Arcebispo Emérito de Vercelli
Secretário
Notas:
[1] PAULO VI e ATENÁGORAS I, Declaração comum Pénétrés de reconnaissance (7-XII-1965), n. 3: AAS 58 (1966) 20. As excomunhões foram reciprocamente levantadas em 1965: «o Papa Paulo VI e o Patriarca Atenágoras I no seu Sínodo (...) declaram de comum acordo (...) que também deploram e cancelam da memória e do seio da Igreja as sentenças de excomunhão». (ib., n. 4); cf. também PAULO VI, Carta Apost. Ambulate in dilectione (7-XII-1965): AAS 58 (1966) 40-41; ATENÁGORAS I, Tomo (7-XII-1965): EV 2, n. 500.
[2] CONC. VATICANO II, Decr. Unitatis redintegratio, n. 14.
[3] PAULO VI, Breve Anno ineunte (25-VII-1967): AAS 59 (1967) 852-854; também in EV 2, nn. 1514-1517 e in Tomos Agapis. Vatican-Phanar 1958-1970 (Romae et Istambul 1970) 388-390, n. 176.
[4] JOÃO PAULO II, Carta Apost. Slavorum Apostoli (2-VI-1985), n. 27: AAS 77 (1985) 807-808.
[5] JOÃO PAULO II, Carta aos Bispos europeus sobre As relações entre Católicos e Ortodoxos na nova sistemação da Europa central e oriental (31-V-1991), n. 4: AAS 84 (1992) 167; também em EV 13, nn. 387-408.
[6] JOÃO PAULO II, Carta Apost. Ut unum sint (25-V-1995), nn. 55, 56 e 60: AAS 87 (1995) 921-982.
[7] Cf. os textos do Decr. Unitatis redintegratio, n. 14, e do Breve Anno ineunte de Paulo VI a Atenágoras I, acima citados nas notas 2 e 3.

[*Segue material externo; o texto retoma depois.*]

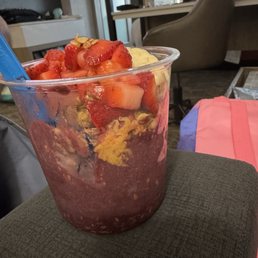 Acai bowl with peanut butter, granola, bananas, and strawberries.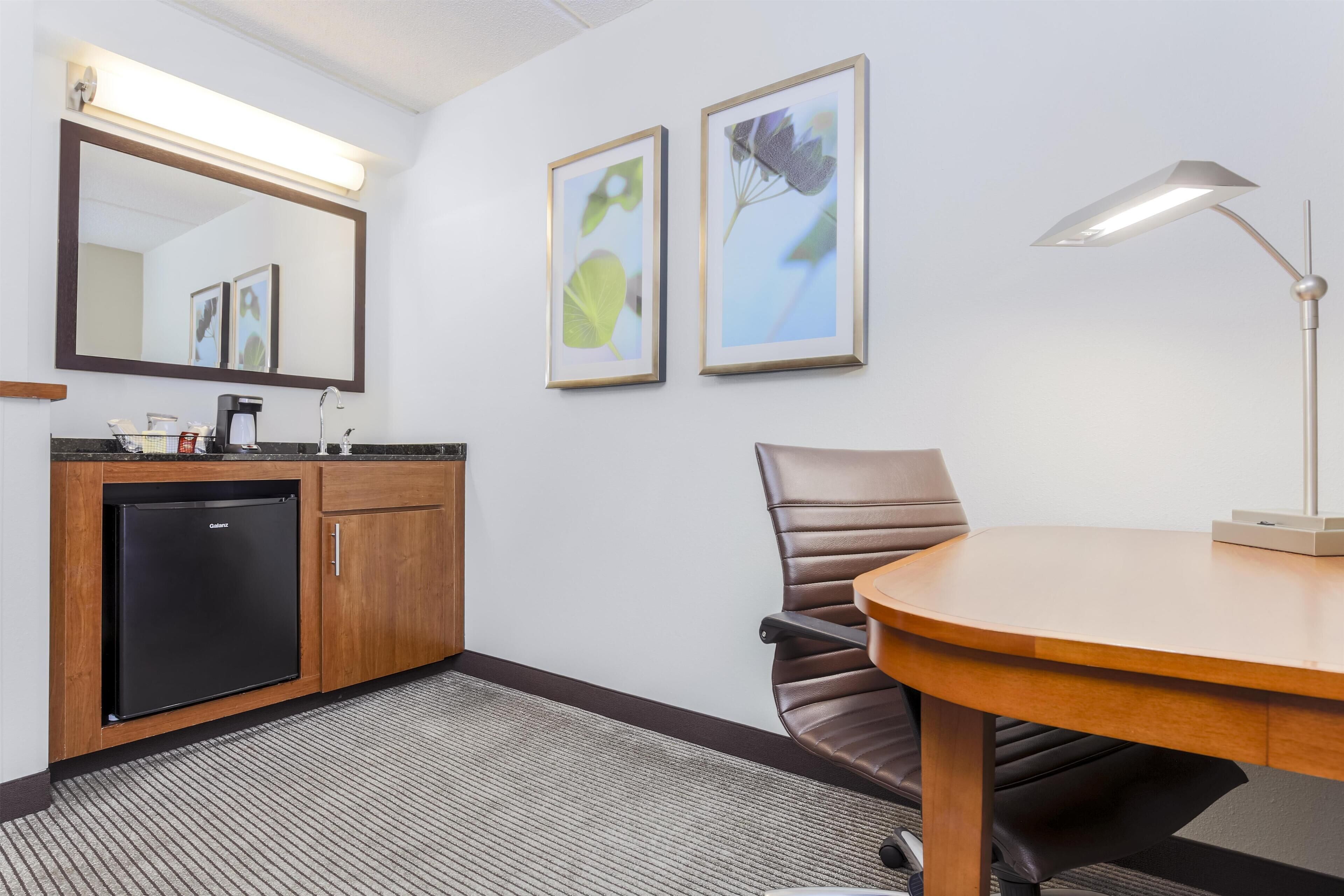 A hotel room with a wooden desk, a chair, a black refrigerator, a sink, and two framed pictures on the wall.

[8] Cf. CONGREGAÇÃO PARA A DOUTRINA DA FÉ, Carta Communionis notio (28-V-1992), n. 9: AAS 85 (1993) 838-850.
[9] Cf. CONCÍLIO VATICANO II, Const. dogm. Lumen gentium, n. 8; CONGREGAÇÃO PARA A DOUTRINA DA FÉ, Decl. Mysterium Ecclesiae (24-VI-1973), n. 1: AAS 65 (1973) 396-408.